#### [TO DO]
The lines you should transcribe are those from the one containing "Готовим сырные пончики: подробный рецепт" to the end of the listing below, exactly, with pictures left out.

#### [INPUT DATA]
Start of Block
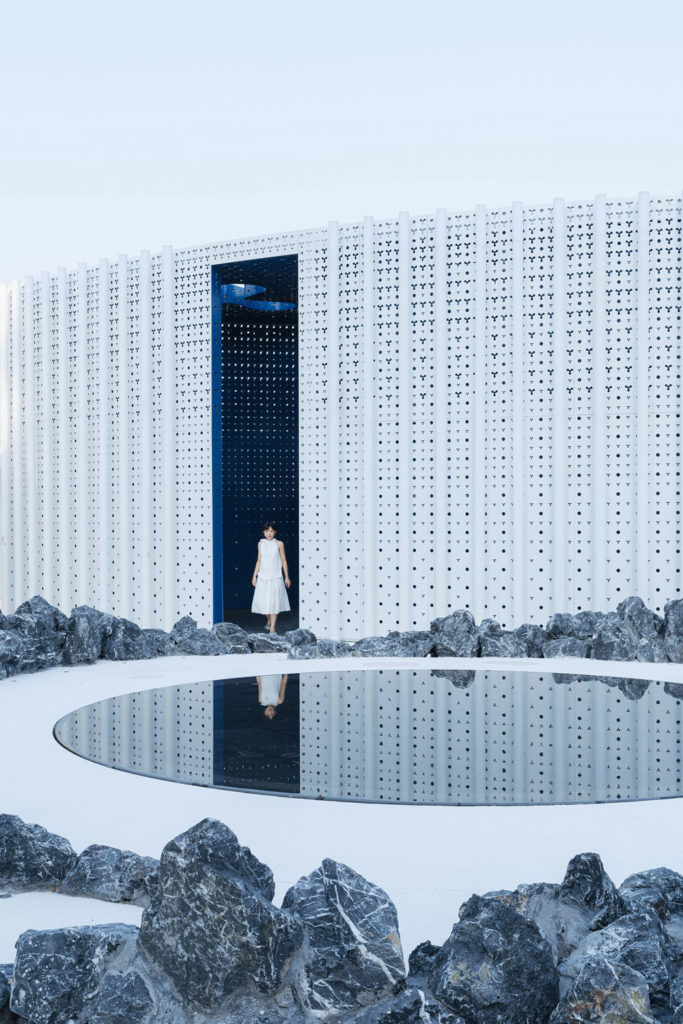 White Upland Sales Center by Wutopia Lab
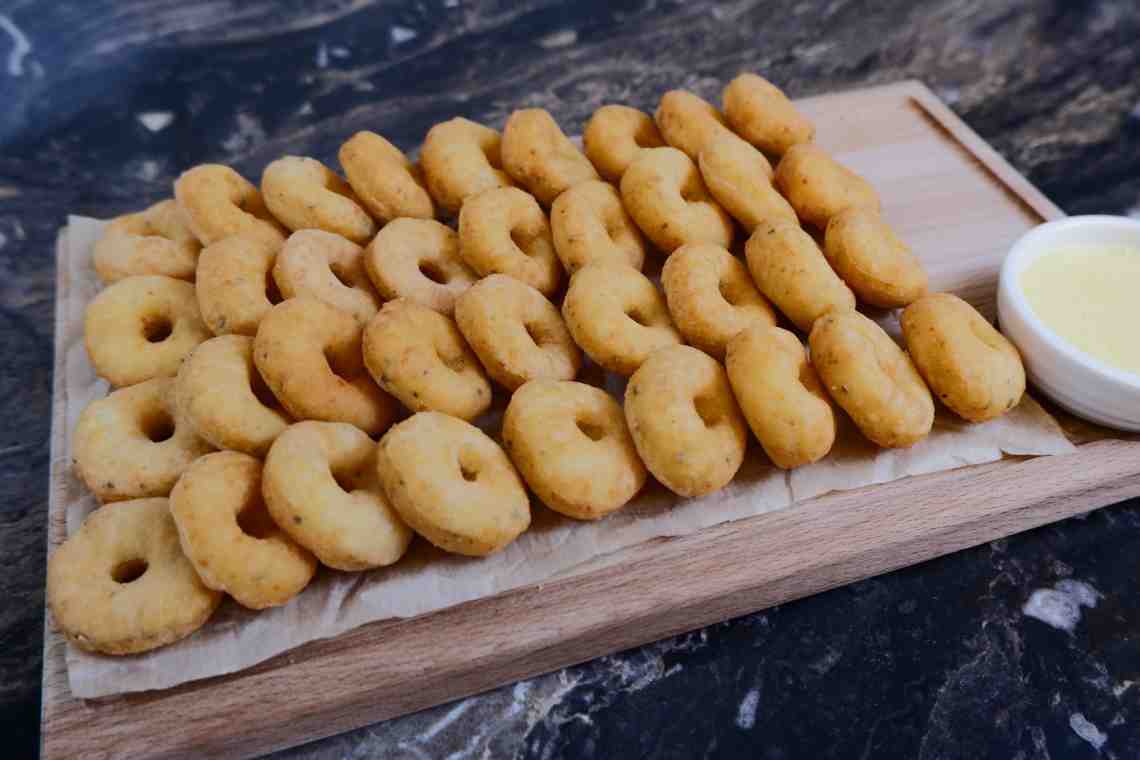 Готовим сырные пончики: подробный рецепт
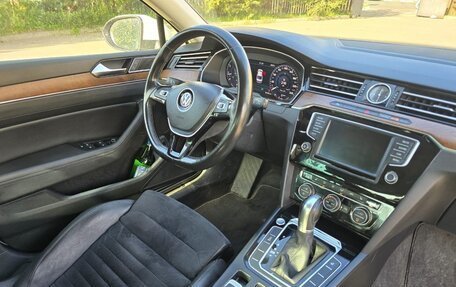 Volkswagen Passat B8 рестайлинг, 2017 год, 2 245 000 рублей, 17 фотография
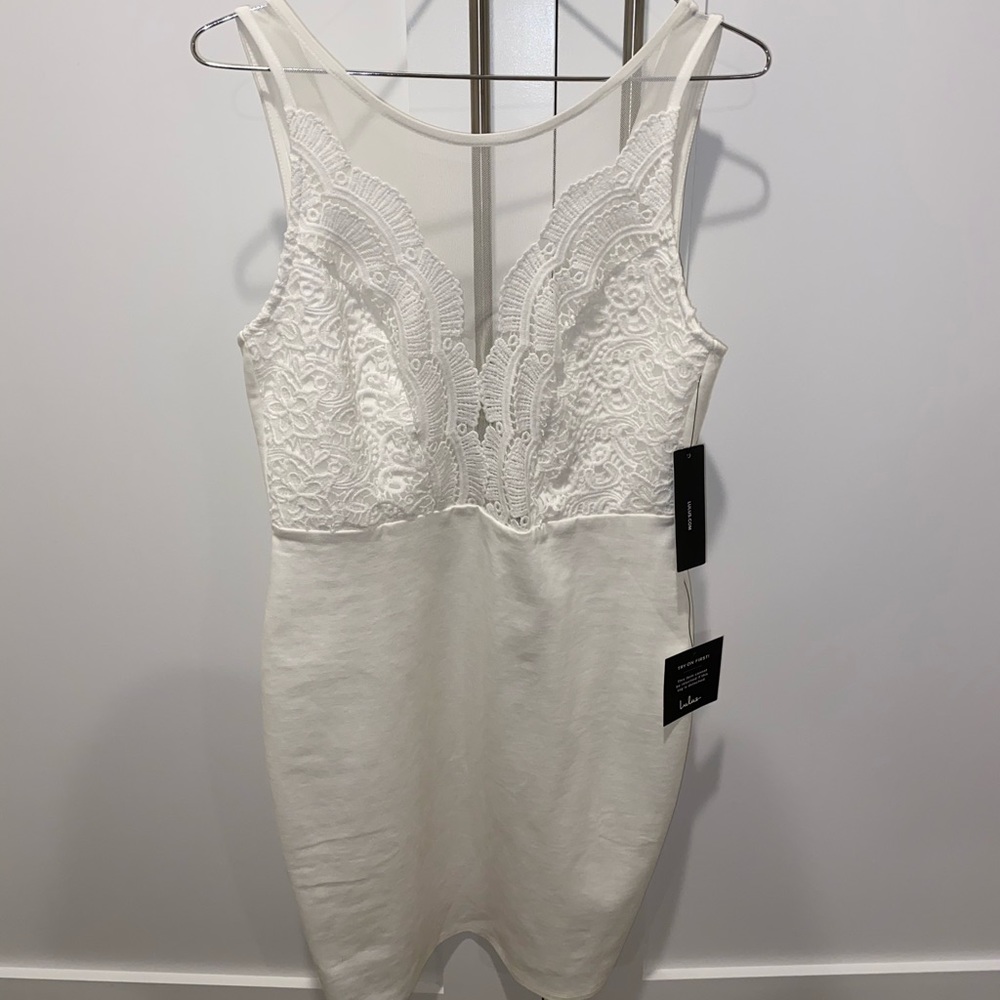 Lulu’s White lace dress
End of Block
#### [RESPONSE FOR THIS EXERCISE]
 Готовим сырные пончики: подробный рецепт
 Volkswagen Passat B8 рестайлинг, 2017 год, 2 245 000 рублей, 17 фотография
 Lulu’s White lace dress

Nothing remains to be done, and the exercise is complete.